В некоторых вариантах осуществления изобретения стыковочный узел содержит дополнительные датчики для таких применений, как измерение температуры, обнаружение наличия или удаления кассеты для тестирования и обнаружение конкретных кассет для тестирования для обеспечения возможности автоматического выбора параметров тестирования. Как проиллюстрировано на Фиг. 26, инфракрасные датчики 2600 определяют температуру кассеты для тестирования в областях, расположенных над камерами с регулируемой температурой, таких как камеры 30 и 90. Датчики позволяют собирать данные о температуре в дополнение или вместо данных о температуре, собираемых локализованными датчиками температуры печатной платы в сборе (PCA) 75, таким как, например, датчик 110. Оптические датчики могут быть при необходимости, но предпочтительно, использованы для обнаружения конкретных кассет для тестирования, чтобы идентифицировать кассеты для конкретных заболеваний или состояний и обеспечить автоматический выбор температурных профилей, подходящих для конкретного теста. Как проиллюстрировано на Фиг. 27A и 27В, оптический датчик или массив оптических датчиков, такой как массив 2601 оптических датчиков, может использоваться в сочетании со штрих–кодом штрих–кодоподобными элементами 2602 на кассете для тестирования для определения типа кассеты для тестирования и для подтверждения полной установки и правильного размещения кассеты для тестирования. Массив 2602 датчиков совместно с датчиком 2505 может использоваться для обнаружения вставки ранее использованной кассеты для тестирования путем обнаружения закрытого уплотнения перед закрытием крышки. Стыковочный узел может содержать датчики для определения типа кассеты для тестирования, вставленной в стыковочный узел, и/или для подтверждения правильного введения, расположения и совмещения кассеты внутри стыковочного узла. Обнаружение кассеты для тестирования гриппа A/В проиллюстрировано в стыковочном узле и системе кассеты для тестирования, показанных на Фиг. 19. Стыковочный узел может также предпочтительно считывать штрих–код или другой символ на каждой кассете и изменять свое программирование в соответствии с сохраненными программами для различных анализов.

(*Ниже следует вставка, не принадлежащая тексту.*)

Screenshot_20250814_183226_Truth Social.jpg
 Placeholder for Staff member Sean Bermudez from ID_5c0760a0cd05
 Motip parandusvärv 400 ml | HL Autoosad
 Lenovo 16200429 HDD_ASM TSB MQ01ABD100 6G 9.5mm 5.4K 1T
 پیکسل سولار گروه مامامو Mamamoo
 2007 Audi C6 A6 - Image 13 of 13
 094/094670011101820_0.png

В некоторых вариантах осуществления изобретения является предпочтительным нагревать обе стороны кассеты для тестирования. Конфигурация печатной платы в сборе (PCA) с двумя нагревателями, в которой кассета для тестирования вставлена между двумя печатными платами в сборе (PCA) нагревателей, изображена на Фиг. 28А и 28В.

В другом варианте осуществления изобретения стыковочный узел содержит сервоприводы, оптическую подсистему для автоматического считывания результатов, подсистему беспроводной передачи данных, пользовательский интерфейс с сенсорным экраном, источник питания в виде аккумуляторной батареи и приемник кассеты для тестирования, который принимает кассету для тестирования, содержащую встроенную подсистему для подготовки образца. Как проиллюстрировано на Фиг. 29A, 29В и 30, стыковочный узел 2700 принимает кассету для тестирования 1500 и помещает кассету для тестирования в термический контакт с печатной платой в сборе (PCA) 1501, чтобы обеспечить регулирование температуры и регулирование потока жидкости кассеты для тестирования. Кассета для тестирования 1500 вставляется в слот 3605 приемника кассеты поворотной дверцы стыковочного узла 2702. После добавления неочищенного образца или лизата в кассету для тестирования закрытие дверцы стыковочного узла помещает заднюю часть кассеты для тестирования в регистрирующее устройство в соприкосновении с печатной платой в сборе (PCA) 1501 и в совмещении с сервоприводами. Сервопривод 3602 расположен с возможностью доступа к компоненту 1303 отделения раствора через отверстие 1310 привода кассеты 1500 и обеспечивает механическое усилие, необходимое для разрыва уплотнительного материала 1305.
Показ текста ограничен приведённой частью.